By the same score "Europe" during the same period developed just as unevenly. Divorced from several ancient seats of learning with the final collapse of Roman hegemony and the subsequent isolationism and then shrinking of the Eastern Empire, it is not surprising that the development of intellectual endeavours took a dive in some places and underwent a fundamental transformation in character and scope in others. But there are many examples of resurgence and even continuity of state-protected areas where learning and discovery could be undertaken to a point where they could still be reckoned as endemic features of the local culture. They might have been few, but they were no less important for that - Ravenna, for example, springs to mind immediately but there are less well appreciated centres from Cashel in Ireland to Krakow in Poland (and many places in between) where education was taken as seriously as in any Caliphate equivalent.
When the original question posits a "decline" it invites us to suppose that "Islam" somehow took its eye off the ball with regard to the pursuit of knowledge at one point while "Europe" did not. This would be to ignore the manner in which knowledge itself was regarded and imparted in the period up to the 11th century - in both Muslim and Christian societies a pursuit inextricably linked to religious instruction. It wasn't until the establishment of an institution in Bologna which intentionally set itself aside from overt religious affiliation (and first coined the term "university" on that basis) that one could even begin to imagine a pursuit of knowledge for its own sake, at least in Europe. Byzantium and the great Caliphates of the same period resisted this development strongly, indeed one could argue that the fractious and highly divided politics of the rest of Europe was ultimately what allowed the development to take place at all.
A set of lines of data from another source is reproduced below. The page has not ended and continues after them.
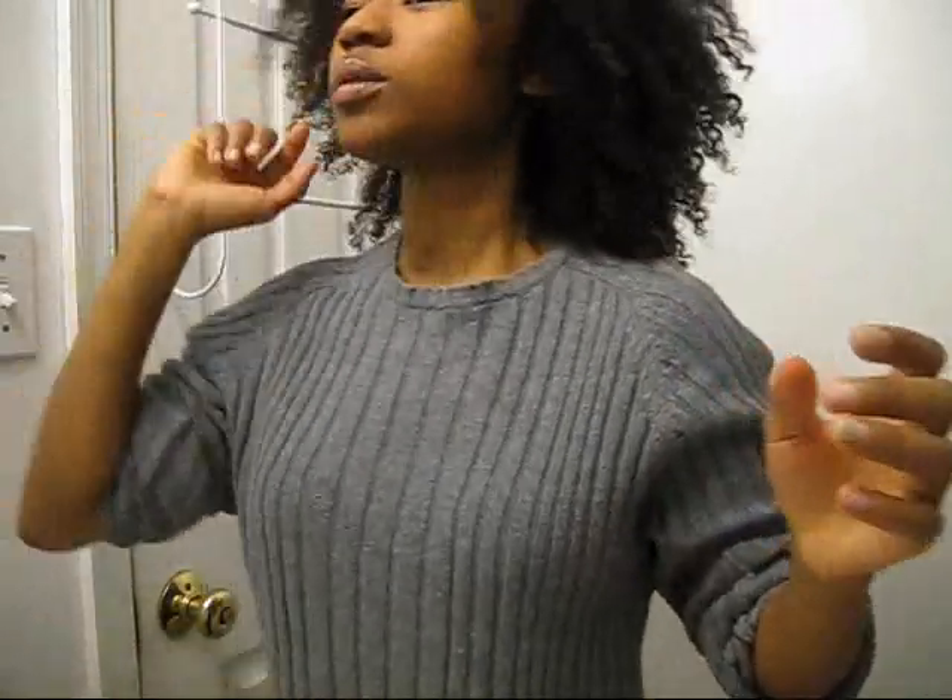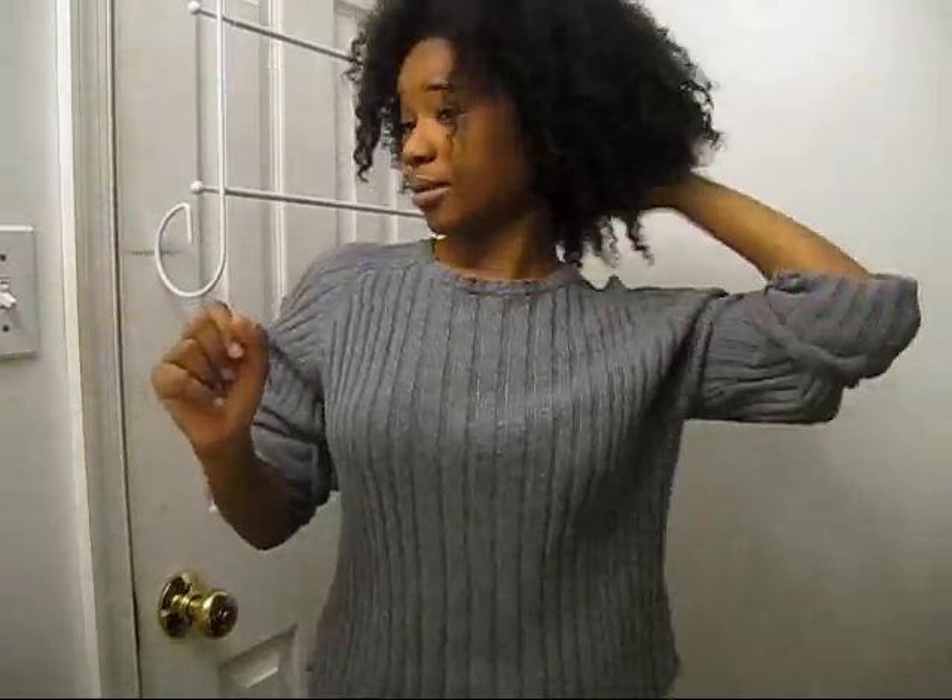I wish it was summer so I could walk outside with my hair like this, because it looks freaking awesome. But I can't, because it's cold outside — the last few days it's been up in the 50s, which is great, but I still can't walk out. My hair feels awesome.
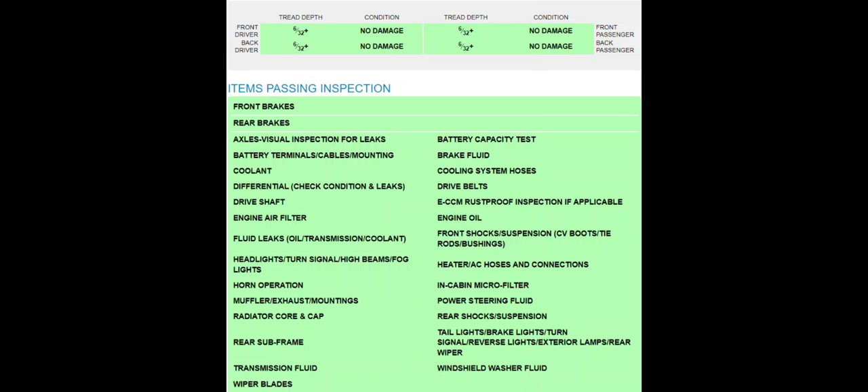This is like a checklist you can use whenever you want to get your car serviced. Let's see what they checked — almost everything: tires, depth, damage, front brakes, rear brakes, axle inspection for leaks, battery capacity test, brake fluid, cooling system hoses, drive belts, coolant, and drive shaft.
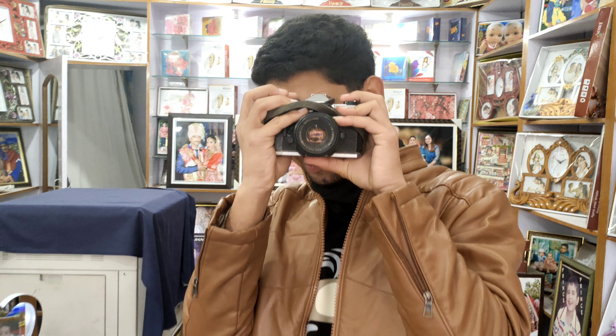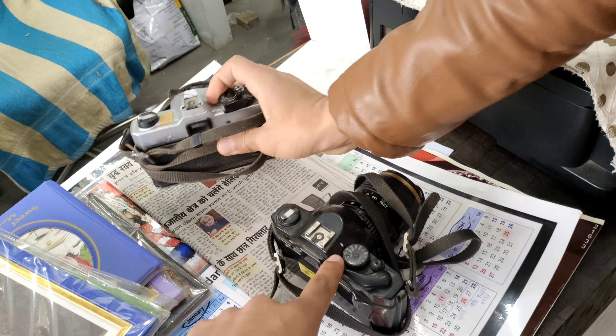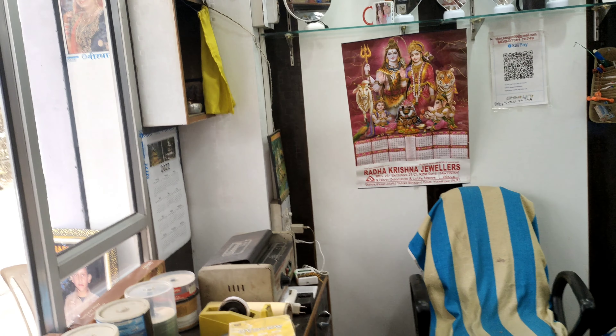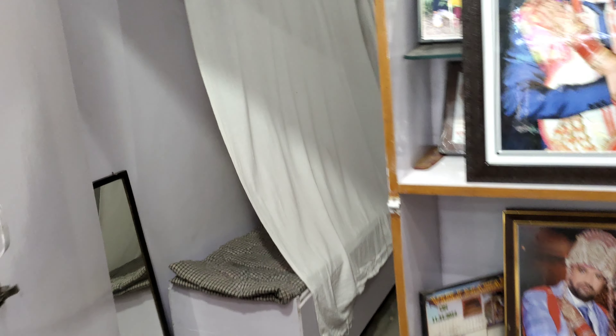What you see is a DSLR — this is from 1996, and this is a new setup in the shop. If you want to come here, you can come here for photos. This is the setup, and the light is on.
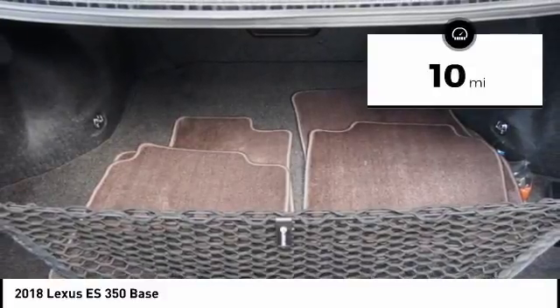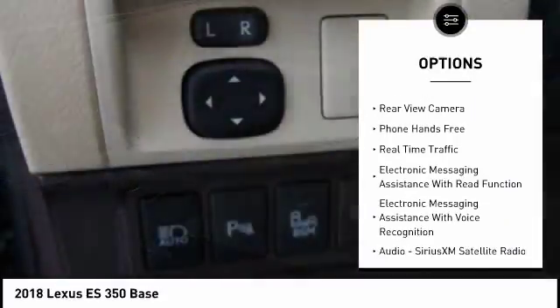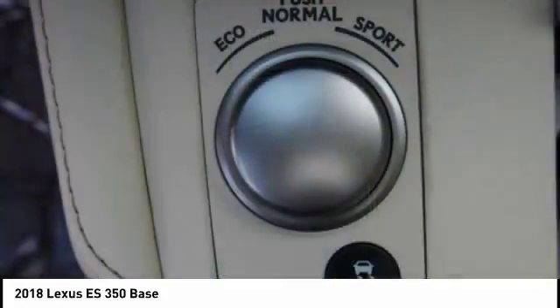Here are some of this vehicle's great options: traction control, autonomous braking, stability control, airbags, front knee airbag, fog lights, power brakes, child safety locks, trip computer, rear floor mats, and tachometer.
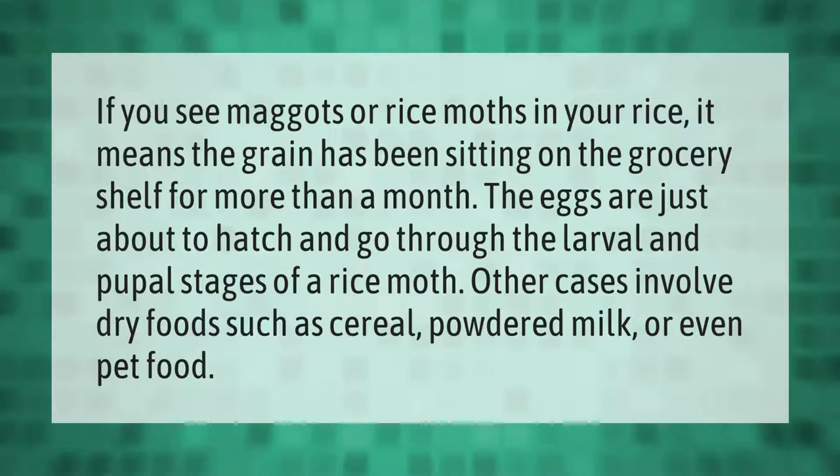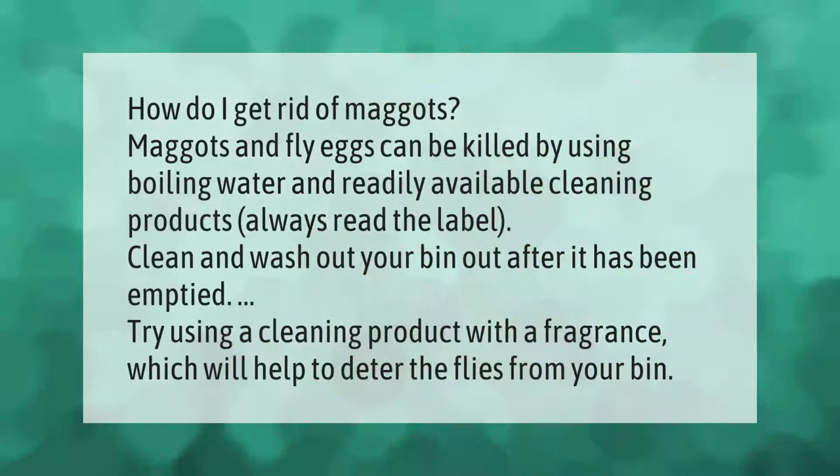How do I get rid of maggots? Maggots and fly eggs can be killed by using boiling water and readily available cleaning products — always read the label. Clean and wash out your bin after it has been emptied. Try using a cleaning product with a fragrance, which will help to deter the flies from your bin.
This is the only sense in which I can imagine a "rise" or "decline" being used to describe the relative fortunes of science without and within the Muslim territories. But yet it is contingent on particular and almost accidental convergence of circumstances and exigencies, not indicative of overriding political policies, and even less indicative of any one culture's superiority or inferiority to another. In fact in one sense it simply serves to emphasise the failure on "western civilisation's" part to impose any cogent and beneficial policy designed to encourage and place a value on scientific knowledge. Where it happened as a new development it was as much happenstance as planned.
Universities in Europe were to enjoy a rather mixed relationship with their political masters for much of their first few centuries of existence, and were viewed with as much mistrust as any madrasah which might sow seeds of dissent or sedition in the Muslim equivalent. With the consolidation of power under the Ottomans it can be argued that the authorities had more suceess in suppressing these sources of potential resistance - to the detriment of education - and that this led to intellectual stagnation in many respects within the cultures they administrated. This is simplistic, but broadly accurate. However that is not to imply that in the rest of Europe the opposite pertained on the part of political leaders. Political diversity was the chief protector of the trend towards university-led education, not concerted policy.
I prefer therefore to take the continuity of intellectual pursuit in its broadest sense before attempting to pass judgement on any one political or religious system for disruption in its progress. It can be the beneficiary temporarily of certain systems' protective measures, but its survival has never been down to one such intervention, and its overall progress has been despite the many such systems' rises and declines along the way, not because of them.